Anxiety grips investors ahead of election verdict
With counting of votes for the ensuing national elections due May 16, and no party or group seen emerging clear winner, Indian stock markets are once again edgy, in a repeat of volatile trading witnessed during the similar situations in the past.india Updated: May 14, 2009 13:14 IST
With counting of votes for the ensuing national elections due May 16, and no party or group seen emerging clear winner, Indian stock markets are once again edgy, in a repeat of volatile trading witnessed during the similar situations in the past.
The sensitive index (Sensex) of the Bombay Stock Exchange (BSE), often described as the barometer of Indian equities, rose nearly 10 percent in the nine straight weeks ended May 8, to make it the longest weekly rally since July 24, 2006. But trading has turned volatile thereafter.
There is a distinct sense of disquiet among the investors, because of which the 30-share key index has been fluctuating wildly in a range of more than 650 points, or over 5 percent, this month.
The only saving grace for the weak-hearted, speculators and analysts maintained, is that May 16, when the votes will be counted, is a Saturday, when stock markets across the country will remain shut.
Nothing reflects the fluctuation better than the India Volatility Index of the National Stock Exchange (NSE).
This index, which measures markets expectations of volatility over the near term, stood at a whopping 50.73 points May 13. Typically, a level of 25-30 points reflects stability and anything above 35 points indicates risk.

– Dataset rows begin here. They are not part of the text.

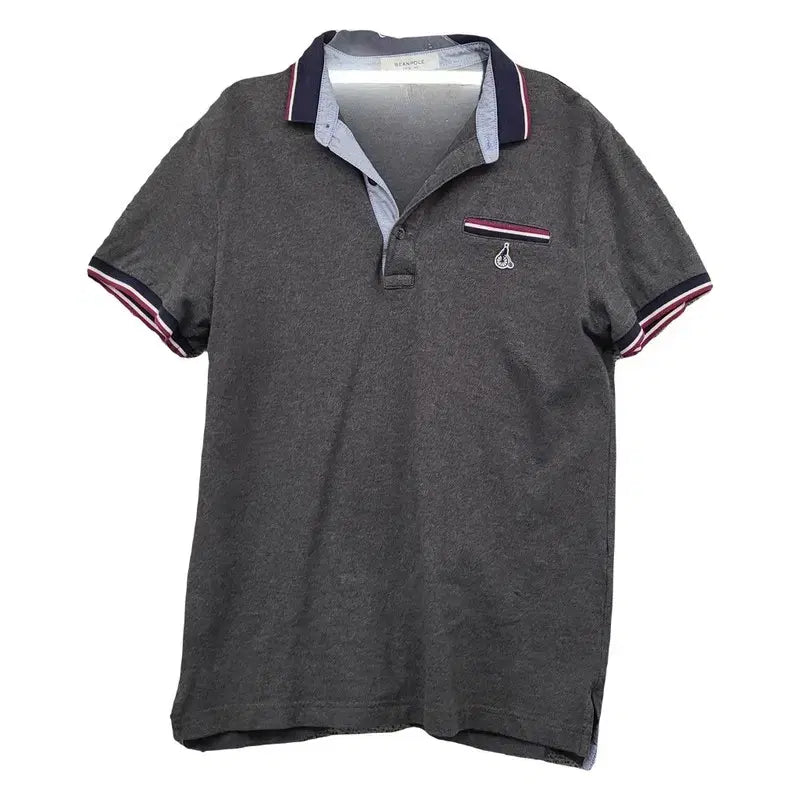 [BUNJANG] Beanpole Grey Logo Short-Sleeve Polo Shirt (Size 95) / 빈폴 그레이 로고 반팔 카라티 95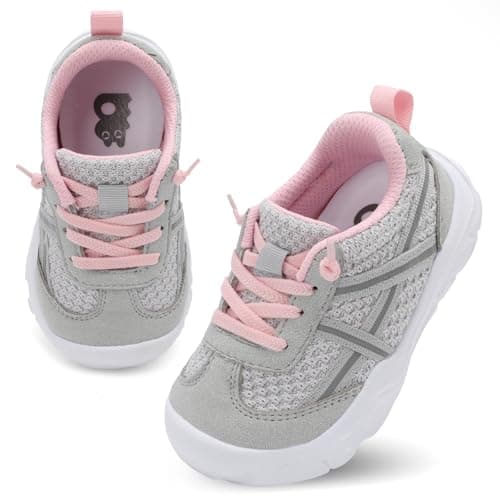Besroad Kids Sneakers Boys Girls Sports Running Walking Shoes Barefoot Slip On Sneakers Breathable Lightweight Fashion Casual Tennis Shoes Grey Pink 6 Toddler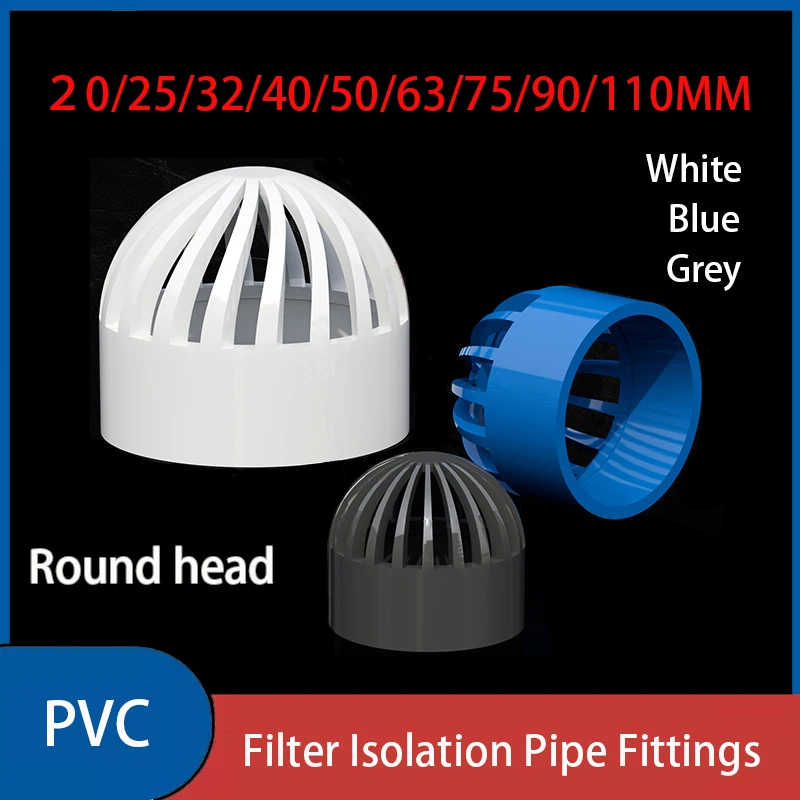 

1-10PCS Pvc Vent Cap Filter Isolatie Screen Water Tank Permeabel Joint Filter Isolation Aquarium Pipe Fittings I.D20-110mm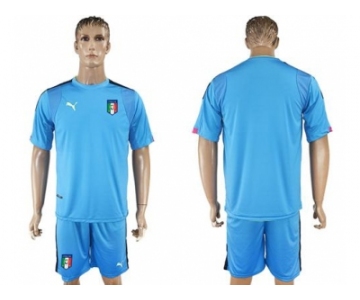 Italy Blank Blue Goalkeeper Soccer Country Jersey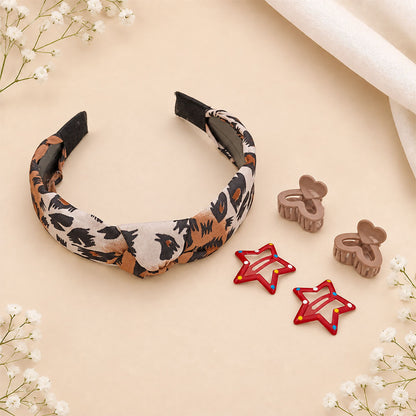 Printed Headband, Mini Claw & Star Hair Clip Set (Pack of 4)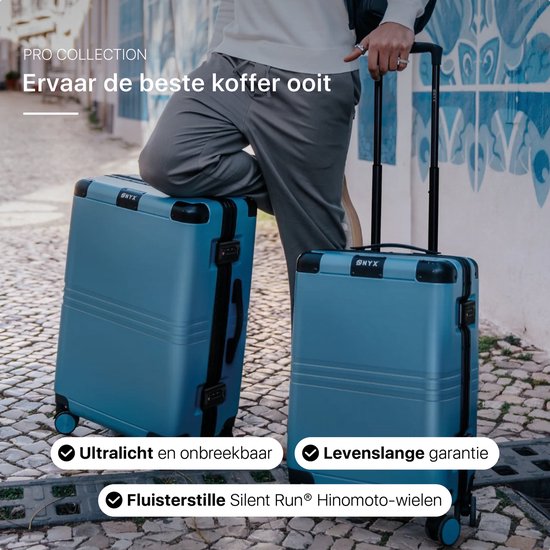 ONYX Hybrid Pro Check-in Suitcase Large 100 Litres - Polycarbonate recyclé et design sans fermeture éclair - Valise de voyage avec serrure TSA et roues Spinner - Trolley léger avec compartiment pour ordinateur portable - Glacier Blue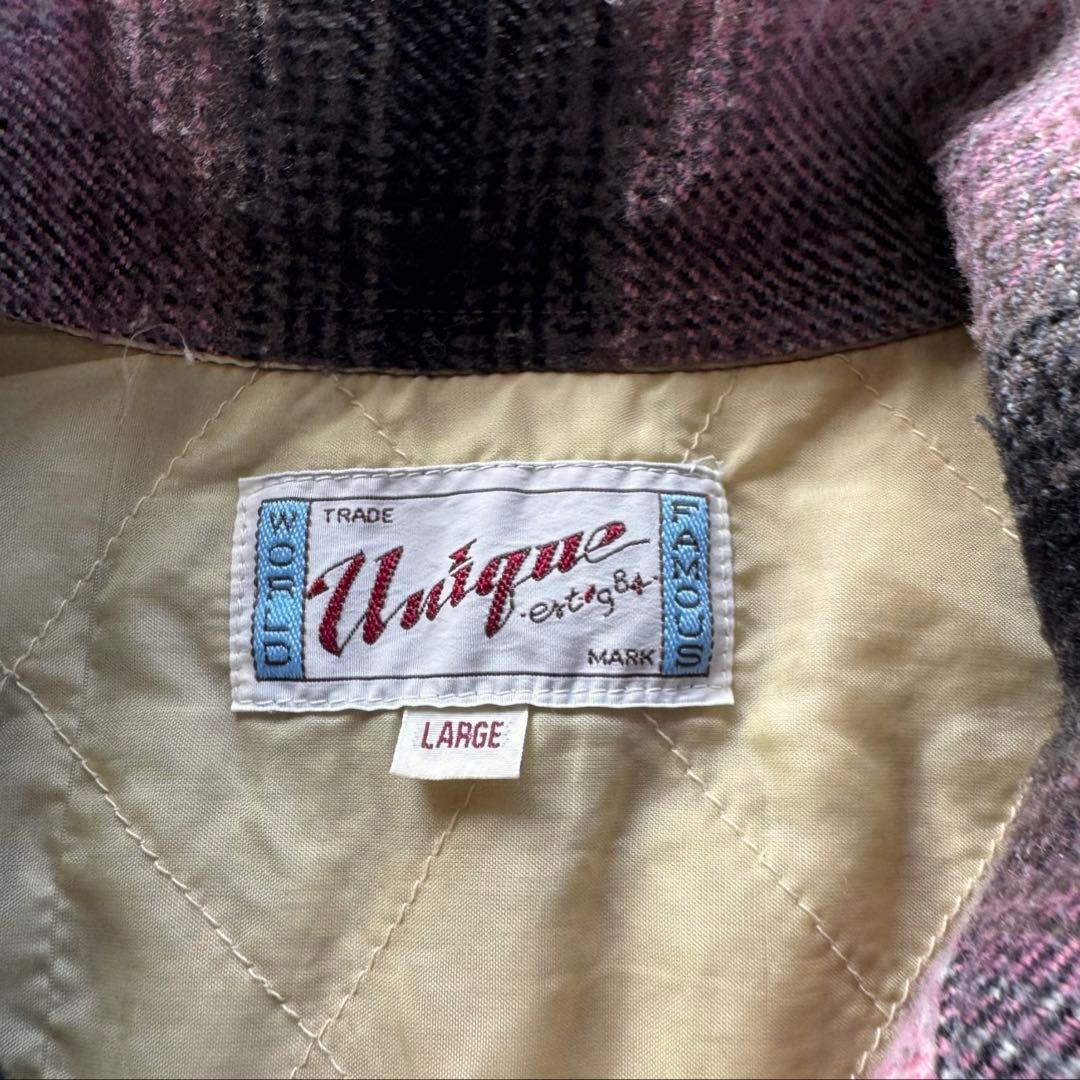 好配色ピンク黒白 WORLD unique オンブレジップネルシャツサイズ　L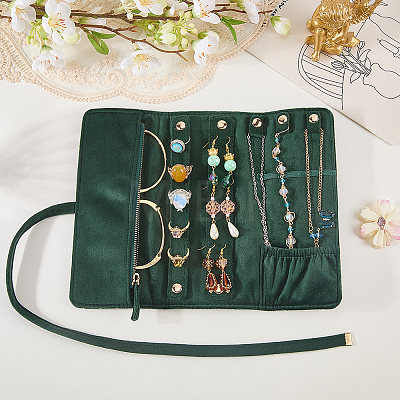Portable Rectangle Velvet Jewelry Storage Rolls ABAG-WH0046-105C-1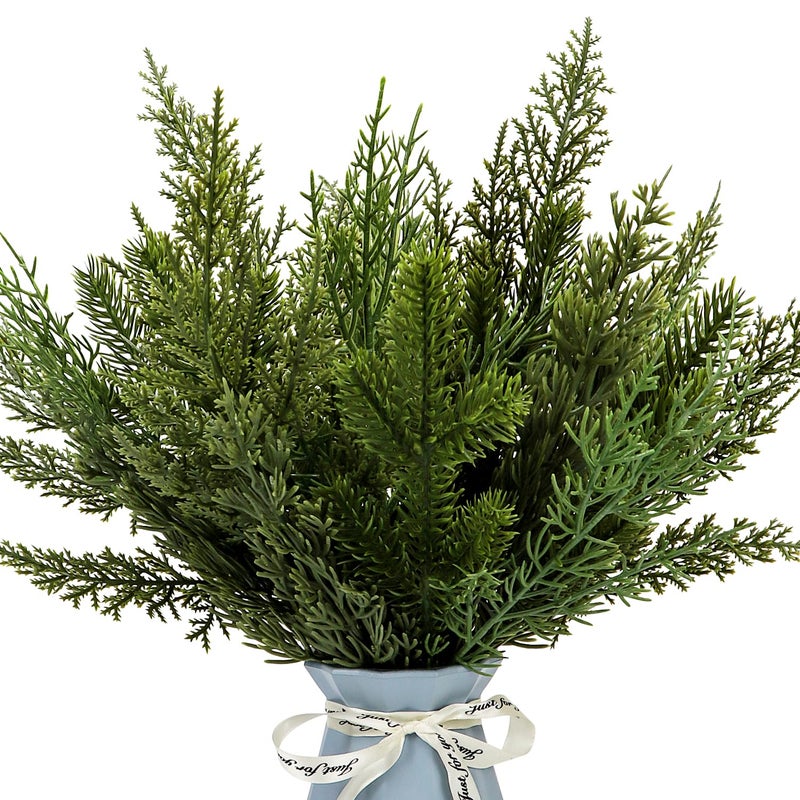 Kunjocy 40 Pcs Artificial Pine Branches Assorted Faux Pine Stems Cedar Leaves Needle Sprigs Plastic Fake Christmas Greenery Pine Picks for Xmas Tree Wreaths Garlands DIY Accessories Home Decor (40  Green) - Image 5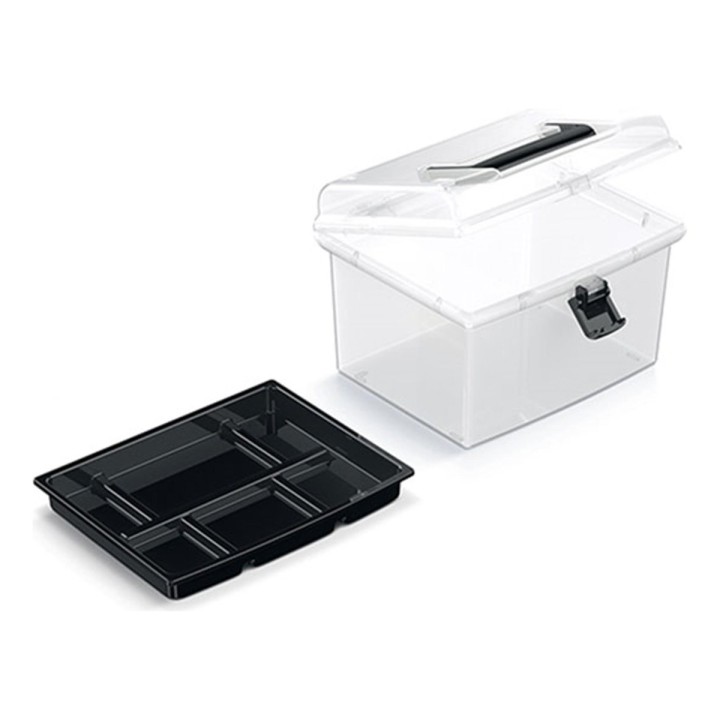 Aufbewahrungskoffer transparent mit Griff, hoch – 195 × 174 × 135 mm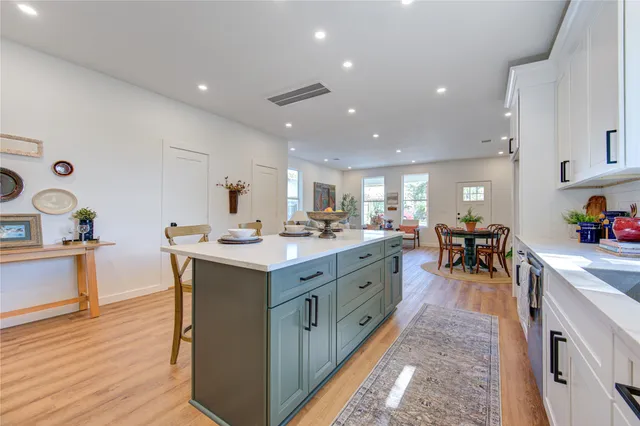 a kitchen with lots of counter top space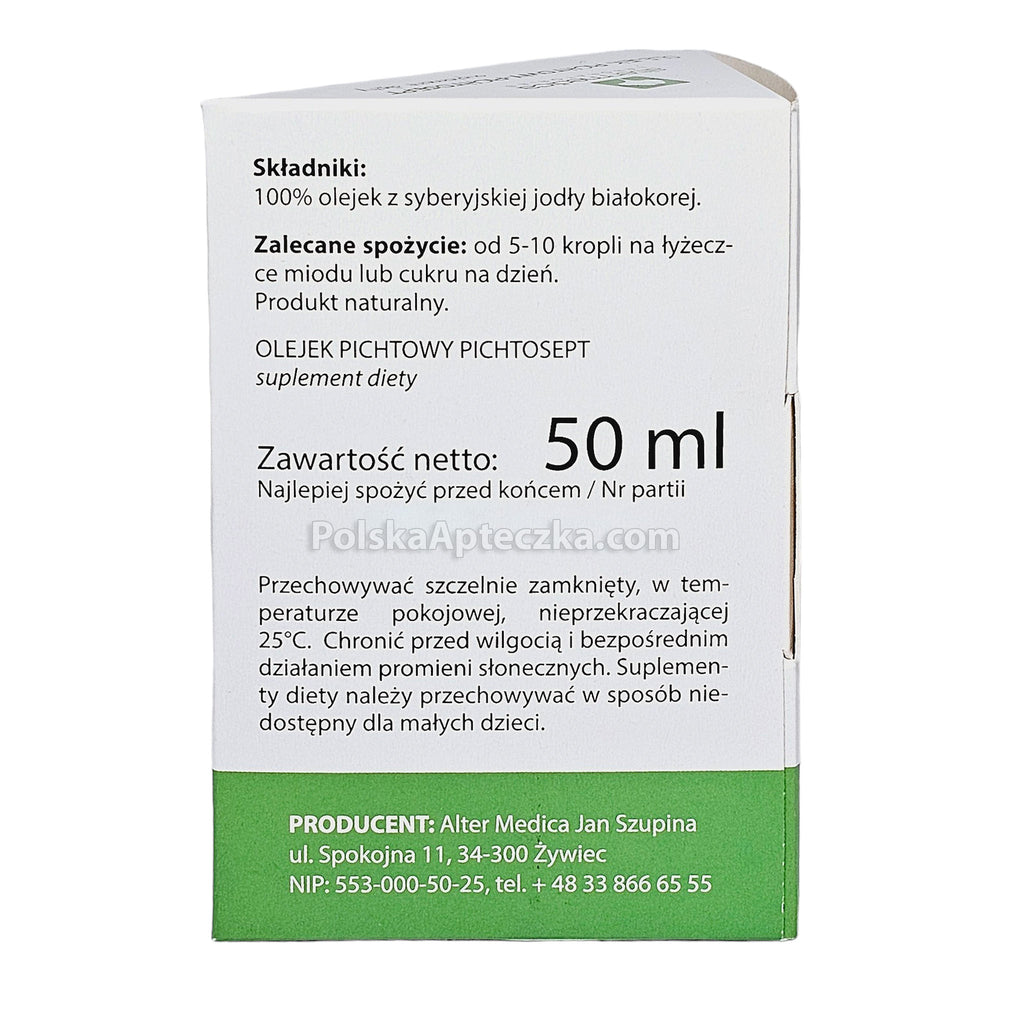 olejek pichtowy pichtosept 50ml side view polska apteczka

"The market becomes edgy whenever there is uncertainty," said Avinash Gupta, assistant vice president with leading brokerage Bonanza. "This does not immediately end with the formation of a government. The agenda of coalition partners also concerns the market," Gupta told IANS.
Picture this: In October 1999, when the National Democratic Alliance (NDA) returned to power after a snap poll, the Sensex fell about 7.5 percent primarily on fears that then prime minister Atal Bihari Vajpayee may not be able to hold the new coalition together. The previous alliance, after all, had collapsed abruptly.
Then in May 2004, on the eve of the United Progressive Alliance (UPA) taking over the reins, the key index plummeted 15.7 percent, as investors were rattled that the NDA - which by then was seen as investor friendly - would not return to power.
"Such high volatility is usually the doing of speculators and hedge funds who do event-based trading for a fast buck. Uncertain political situation is a chance to capitalise on investor fears," said Jagannadham Thunuguntla, equity head at SMC Capitals.
Agreed Amit Mitra, secretary general of the Federation of Indian Chambers of Commerce and Industry (FICCI), who said there was a major difference between how the corporate sector viewed elections and how the market investor looked at it.
"Corporates look at fundamentals and long-term policy stability, while secondary market players tend to view the short-term gains or losses. For speculators, even a short-term period of uncertainty can cause nervousness," Mitra told IANS.
"Naturally this time, when the Congress says it will be a close call, the Bharatiya Janata Party says it will be touch-and-go and the Third Front says it will try to form a government of its own, there is that bit of short-term concern."
This explains the reason behind the current volatility, where there is no clear signal yet on which coalition will form the next government, raising questions over stability and continuity in governance and policies - at least for speculators.
"History suggests that as long as a stable coalition comes to power, the impact on sentiment and activity is likely to be positive," said Tushar Poddar, vice president for Asia Economics Research with leading consultancy Goldman Sachs.
"A lower probability event in our view is that the election outcome is seen as unstable due to a fractured mandate. Such a result would be negative for policy-making and for markets in the short-term."
Echoing similar sentiments, Gupta is more forthright and says the worst fears for the markets is the Third Front coming to power, with the active backing of Left parties.
"It would jolt the market badly," he said. "The Left is expected to hamper reforms."